State v. Christensen

Decision Date14 April 1981
Docket NumberNo. 4627,4627
Citation129 Ariz. 32,628 P.2d 580
PartiesSTATE of Arizona, Appellee, v. Richard George CHRISTENSEN, Appellant.
CourtArizona Supreme Court

Robert K. Corbin, Atty. Gen. by William J. Schafer III and Georgia B. Ellexson, Asst. Attys. Gen., Phoenix, for appellee.

Richard S. Oseran, Pima County Public Defender by Allen G. Minker, Deputy Public Defender, Tucson, for appellant.

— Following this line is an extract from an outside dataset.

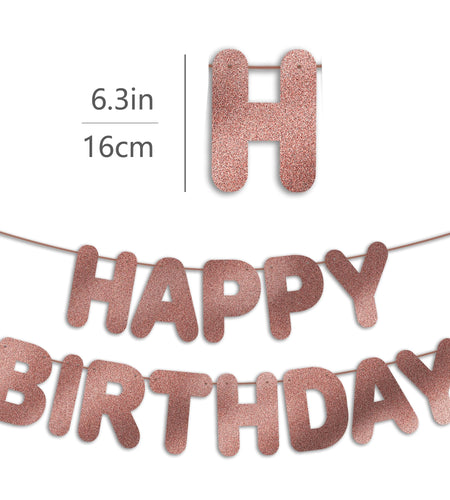 JunyRuny Pre-Strung Happy Birthday Banner Rose Gold Glitter Party Decor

STRUCKMEYER, Chief Justice.

Appellant was convicted of first degree murder and sentenced to life imprisonment. He appeals. Reversed.

Appellant and his wife, Shirley Mae, shortly after their marriage in March 1977 moved to Tucson, where they opened a small jewelry and pottery shop. Early in 1978, they separated. Shirley rented an apartment in which she lived with her daughter by a former marriage, Kim. On May 24, the marriage of appellant to Shirley was dissolved and he moved to Phoenix, Arizona. On Sunday, June 4, 1978, he drove to Tucson to Shirley's apartment. She was not at home, but arrived about 3:30 a. m. Monday. Although she allowed appellant to enter her apartment, she would not talk with him until after she rested. Later that morning, Kim saw and talked to appellant on the patio of their home. Kim then left and went to school. When she returned, she thought the apartment was unoccupied and contacted some relatives and later the police.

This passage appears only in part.